### Exercise
Identify and copy all lines of the material where the string "girls" is found.

### Material for this exercise
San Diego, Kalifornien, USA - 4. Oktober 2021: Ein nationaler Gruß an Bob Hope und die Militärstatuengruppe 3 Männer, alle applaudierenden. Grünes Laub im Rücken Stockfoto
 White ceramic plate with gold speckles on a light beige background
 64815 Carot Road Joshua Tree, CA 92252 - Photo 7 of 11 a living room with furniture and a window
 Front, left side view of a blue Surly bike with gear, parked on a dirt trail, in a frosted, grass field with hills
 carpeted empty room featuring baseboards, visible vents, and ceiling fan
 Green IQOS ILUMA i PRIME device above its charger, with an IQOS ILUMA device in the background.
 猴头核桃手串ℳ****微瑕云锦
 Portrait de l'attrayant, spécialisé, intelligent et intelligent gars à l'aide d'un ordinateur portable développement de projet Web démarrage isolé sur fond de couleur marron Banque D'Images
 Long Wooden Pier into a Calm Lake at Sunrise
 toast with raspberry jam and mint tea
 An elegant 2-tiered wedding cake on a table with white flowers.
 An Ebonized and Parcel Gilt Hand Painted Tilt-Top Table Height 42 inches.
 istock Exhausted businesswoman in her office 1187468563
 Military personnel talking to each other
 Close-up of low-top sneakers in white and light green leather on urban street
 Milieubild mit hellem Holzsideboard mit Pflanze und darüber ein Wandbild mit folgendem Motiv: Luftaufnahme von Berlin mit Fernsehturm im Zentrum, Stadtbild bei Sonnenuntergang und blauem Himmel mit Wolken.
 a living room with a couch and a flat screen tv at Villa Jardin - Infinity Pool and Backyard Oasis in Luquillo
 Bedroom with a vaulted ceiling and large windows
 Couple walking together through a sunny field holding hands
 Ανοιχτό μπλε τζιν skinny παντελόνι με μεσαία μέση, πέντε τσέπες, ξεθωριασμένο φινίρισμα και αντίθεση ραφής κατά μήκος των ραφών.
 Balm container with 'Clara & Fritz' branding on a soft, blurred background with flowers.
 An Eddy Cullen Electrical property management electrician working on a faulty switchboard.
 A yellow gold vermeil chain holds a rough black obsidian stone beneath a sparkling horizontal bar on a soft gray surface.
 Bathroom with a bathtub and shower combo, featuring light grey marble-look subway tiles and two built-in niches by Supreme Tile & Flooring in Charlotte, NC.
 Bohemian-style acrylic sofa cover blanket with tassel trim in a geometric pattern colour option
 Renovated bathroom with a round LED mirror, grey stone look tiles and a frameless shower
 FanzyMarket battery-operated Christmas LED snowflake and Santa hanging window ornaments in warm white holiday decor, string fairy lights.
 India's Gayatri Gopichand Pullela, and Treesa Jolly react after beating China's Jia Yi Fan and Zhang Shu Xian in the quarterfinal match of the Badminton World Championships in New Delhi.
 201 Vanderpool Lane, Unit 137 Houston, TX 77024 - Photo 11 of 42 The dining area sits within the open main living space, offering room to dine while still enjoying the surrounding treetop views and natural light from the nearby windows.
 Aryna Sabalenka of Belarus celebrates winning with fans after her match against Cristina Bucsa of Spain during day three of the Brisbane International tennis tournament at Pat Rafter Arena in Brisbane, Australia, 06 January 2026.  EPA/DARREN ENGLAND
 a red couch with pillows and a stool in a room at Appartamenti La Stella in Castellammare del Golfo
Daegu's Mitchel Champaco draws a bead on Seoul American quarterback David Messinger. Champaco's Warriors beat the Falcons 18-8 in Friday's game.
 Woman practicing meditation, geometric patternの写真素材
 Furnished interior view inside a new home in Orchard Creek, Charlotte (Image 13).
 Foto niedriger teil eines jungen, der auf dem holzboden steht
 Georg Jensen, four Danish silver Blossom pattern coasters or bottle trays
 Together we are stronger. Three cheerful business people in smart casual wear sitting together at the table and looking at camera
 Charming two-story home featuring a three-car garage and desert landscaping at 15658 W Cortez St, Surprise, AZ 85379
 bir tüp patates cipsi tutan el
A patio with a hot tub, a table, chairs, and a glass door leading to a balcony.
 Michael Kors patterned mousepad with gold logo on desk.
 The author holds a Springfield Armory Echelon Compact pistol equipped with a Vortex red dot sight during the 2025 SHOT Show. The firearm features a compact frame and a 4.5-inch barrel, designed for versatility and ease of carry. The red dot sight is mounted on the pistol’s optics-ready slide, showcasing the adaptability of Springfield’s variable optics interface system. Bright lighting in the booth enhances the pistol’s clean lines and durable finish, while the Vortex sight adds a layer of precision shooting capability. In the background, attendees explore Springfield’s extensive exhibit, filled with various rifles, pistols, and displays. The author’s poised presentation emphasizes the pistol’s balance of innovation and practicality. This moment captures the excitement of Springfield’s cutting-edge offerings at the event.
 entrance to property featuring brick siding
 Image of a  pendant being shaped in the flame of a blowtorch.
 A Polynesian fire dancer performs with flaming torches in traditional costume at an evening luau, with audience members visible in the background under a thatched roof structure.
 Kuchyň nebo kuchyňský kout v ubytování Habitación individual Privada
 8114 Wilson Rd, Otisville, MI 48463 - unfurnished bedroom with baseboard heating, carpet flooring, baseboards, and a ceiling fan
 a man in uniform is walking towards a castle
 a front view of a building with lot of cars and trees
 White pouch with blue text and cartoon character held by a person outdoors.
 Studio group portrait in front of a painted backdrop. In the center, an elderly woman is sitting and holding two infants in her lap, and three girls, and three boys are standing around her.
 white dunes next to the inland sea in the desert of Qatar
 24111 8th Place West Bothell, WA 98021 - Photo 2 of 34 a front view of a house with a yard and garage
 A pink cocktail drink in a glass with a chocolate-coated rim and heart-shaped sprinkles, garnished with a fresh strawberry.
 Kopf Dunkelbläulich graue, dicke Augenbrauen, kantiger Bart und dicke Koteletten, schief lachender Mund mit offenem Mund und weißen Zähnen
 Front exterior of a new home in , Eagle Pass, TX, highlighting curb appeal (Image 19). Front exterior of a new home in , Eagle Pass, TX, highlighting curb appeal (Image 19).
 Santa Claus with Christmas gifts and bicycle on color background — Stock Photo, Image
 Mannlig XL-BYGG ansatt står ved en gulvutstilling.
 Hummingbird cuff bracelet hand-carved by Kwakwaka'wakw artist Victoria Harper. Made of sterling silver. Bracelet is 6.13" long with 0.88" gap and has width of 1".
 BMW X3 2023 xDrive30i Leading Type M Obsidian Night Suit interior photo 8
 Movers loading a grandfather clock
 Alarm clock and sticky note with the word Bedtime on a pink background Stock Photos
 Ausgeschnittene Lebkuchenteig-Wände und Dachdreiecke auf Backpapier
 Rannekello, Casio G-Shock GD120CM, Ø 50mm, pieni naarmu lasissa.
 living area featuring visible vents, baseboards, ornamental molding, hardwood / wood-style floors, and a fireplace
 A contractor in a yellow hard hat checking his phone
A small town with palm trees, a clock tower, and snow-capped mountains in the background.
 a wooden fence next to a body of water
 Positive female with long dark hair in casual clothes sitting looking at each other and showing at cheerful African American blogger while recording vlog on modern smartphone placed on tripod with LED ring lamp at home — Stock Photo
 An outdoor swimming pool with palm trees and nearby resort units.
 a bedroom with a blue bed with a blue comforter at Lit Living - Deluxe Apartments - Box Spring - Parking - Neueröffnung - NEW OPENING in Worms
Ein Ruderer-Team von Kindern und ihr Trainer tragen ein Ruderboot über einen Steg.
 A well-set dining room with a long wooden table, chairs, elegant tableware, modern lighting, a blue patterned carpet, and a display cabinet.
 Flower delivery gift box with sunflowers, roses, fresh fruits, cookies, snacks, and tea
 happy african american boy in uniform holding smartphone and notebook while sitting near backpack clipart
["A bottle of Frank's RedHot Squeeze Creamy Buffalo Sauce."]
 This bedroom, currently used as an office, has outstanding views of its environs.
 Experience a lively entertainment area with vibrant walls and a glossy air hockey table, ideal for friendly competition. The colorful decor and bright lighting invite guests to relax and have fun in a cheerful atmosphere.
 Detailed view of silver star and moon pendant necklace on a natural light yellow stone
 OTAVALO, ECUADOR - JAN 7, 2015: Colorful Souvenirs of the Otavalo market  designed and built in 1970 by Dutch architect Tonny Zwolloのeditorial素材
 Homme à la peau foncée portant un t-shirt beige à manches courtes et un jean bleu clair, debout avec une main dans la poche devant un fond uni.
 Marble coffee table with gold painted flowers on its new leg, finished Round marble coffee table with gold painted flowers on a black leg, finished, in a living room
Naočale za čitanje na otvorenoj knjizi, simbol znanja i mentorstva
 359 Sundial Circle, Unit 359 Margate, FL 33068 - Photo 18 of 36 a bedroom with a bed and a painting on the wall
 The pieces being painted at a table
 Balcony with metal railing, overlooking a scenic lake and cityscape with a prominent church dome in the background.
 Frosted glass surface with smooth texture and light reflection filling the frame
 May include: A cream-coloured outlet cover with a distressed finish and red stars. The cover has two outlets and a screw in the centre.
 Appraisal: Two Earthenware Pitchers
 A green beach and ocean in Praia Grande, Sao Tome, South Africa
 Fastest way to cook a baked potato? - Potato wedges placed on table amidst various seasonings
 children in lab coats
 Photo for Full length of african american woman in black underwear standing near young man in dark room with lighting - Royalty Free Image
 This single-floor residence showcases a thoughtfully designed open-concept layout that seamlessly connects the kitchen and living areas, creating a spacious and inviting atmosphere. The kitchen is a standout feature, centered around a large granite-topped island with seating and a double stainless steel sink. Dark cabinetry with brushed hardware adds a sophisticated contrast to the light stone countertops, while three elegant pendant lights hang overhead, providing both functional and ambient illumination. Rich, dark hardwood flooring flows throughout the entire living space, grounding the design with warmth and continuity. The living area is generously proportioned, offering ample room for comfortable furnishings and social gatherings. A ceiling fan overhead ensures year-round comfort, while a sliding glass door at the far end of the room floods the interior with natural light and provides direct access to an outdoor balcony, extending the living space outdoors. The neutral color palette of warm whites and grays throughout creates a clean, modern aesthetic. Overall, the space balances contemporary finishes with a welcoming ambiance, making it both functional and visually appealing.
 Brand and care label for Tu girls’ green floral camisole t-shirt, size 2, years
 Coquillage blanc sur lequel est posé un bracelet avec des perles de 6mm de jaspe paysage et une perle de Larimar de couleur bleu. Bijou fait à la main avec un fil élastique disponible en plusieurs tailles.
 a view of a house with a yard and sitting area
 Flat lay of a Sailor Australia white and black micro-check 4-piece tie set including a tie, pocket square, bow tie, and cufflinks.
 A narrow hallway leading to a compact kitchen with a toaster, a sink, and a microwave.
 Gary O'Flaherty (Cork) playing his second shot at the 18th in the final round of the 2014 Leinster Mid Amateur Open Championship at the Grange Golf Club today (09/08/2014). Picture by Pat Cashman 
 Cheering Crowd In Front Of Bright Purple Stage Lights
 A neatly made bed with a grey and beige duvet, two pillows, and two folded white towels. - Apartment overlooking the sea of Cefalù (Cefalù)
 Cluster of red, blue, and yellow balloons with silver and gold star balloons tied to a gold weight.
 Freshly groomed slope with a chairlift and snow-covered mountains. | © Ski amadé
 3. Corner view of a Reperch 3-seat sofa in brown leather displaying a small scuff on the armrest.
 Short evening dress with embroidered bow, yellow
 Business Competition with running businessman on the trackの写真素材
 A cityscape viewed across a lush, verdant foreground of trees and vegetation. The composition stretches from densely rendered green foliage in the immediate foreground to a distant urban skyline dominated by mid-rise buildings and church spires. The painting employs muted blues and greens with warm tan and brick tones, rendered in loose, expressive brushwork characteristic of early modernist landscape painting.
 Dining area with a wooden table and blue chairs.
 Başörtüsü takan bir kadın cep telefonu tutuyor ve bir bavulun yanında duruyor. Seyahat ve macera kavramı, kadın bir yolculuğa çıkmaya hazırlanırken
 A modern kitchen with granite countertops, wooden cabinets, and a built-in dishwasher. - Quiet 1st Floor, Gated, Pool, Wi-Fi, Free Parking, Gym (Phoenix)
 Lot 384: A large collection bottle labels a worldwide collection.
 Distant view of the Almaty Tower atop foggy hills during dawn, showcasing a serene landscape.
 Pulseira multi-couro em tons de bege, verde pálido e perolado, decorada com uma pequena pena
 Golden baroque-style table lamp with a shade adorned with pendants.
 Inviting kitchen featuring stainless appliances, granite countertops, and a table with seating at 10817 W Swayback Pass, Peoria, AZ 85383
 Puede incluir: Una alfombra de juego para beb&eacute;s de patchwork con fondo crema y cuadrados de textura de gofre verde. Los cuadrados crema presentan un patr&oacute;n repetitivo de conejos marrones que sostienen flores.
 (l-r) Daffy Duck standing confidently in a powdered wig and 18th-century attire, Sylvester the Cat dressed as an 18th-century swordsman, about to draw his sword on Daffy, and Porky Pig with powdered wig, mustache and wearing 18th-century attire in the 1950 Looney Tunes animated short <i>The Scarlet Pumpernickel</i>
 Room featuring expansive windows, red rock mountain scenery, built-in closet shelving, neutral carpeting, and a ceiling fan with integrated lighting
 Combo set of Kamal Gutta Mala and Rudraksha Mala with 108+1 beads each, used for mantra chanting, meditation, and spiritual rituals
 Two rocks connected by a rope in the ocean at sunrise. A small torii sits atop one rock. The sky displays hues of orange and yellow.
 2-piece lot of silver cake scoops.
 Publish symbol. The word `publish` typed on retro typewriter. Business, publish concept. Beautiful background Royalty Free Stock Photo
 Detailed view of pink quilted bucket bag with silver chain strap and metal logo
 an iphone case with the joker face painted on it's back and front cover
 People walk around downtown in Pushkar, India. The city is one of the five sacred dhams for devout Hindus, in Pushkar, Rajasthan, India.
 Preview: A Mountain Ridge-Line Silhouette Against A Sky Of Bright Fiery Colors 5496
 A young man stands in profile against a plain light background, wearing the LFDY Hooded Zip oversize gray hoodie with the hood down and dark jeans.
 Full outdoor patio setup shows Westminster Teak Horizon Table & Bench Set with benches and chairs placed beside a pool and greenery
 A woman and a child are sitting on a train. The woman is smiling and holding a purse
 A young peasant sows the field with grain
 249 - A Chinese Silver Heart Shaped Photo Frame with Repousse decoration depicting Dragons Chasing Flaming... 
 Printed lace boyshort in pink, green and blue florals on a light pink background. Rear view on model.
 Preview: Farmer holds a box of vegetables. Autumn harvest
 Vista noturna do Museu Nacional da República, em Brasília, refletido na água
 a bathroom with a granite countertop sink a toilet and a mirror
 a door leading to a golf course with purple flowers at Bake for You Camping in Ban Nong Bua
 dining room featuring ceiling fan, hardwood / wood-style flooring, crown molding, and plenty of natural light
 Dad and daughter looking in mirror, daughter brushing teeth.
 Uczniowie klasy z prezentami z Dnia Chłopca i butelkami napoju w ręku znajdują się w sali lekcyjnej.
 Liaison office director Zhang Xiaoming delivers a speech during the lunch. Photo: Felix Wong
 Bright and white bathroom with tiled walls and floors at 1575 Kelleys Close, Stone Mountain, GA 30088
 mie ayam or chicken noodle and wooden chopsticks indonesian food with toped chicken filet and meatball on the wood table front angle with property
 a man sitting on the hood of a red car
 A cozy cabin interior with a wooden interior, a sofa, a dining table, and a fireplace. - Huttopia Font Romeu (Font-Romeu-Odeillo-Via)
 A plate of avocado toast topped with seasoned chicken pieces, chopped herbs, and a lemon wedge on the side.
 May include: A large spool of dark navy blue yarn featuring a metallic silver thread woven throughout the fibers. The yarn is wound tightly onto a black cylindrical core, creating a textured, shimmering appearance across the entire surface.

### Output for this task
 Studio group portrait in front of a painted backdrop. In the center, an elderly woman is sitting and holding two infants in her lap, and three girls, and three boys are standing around her.
 Brand and care label for Tu girls’ green floral camisole t-shirt, size 2, years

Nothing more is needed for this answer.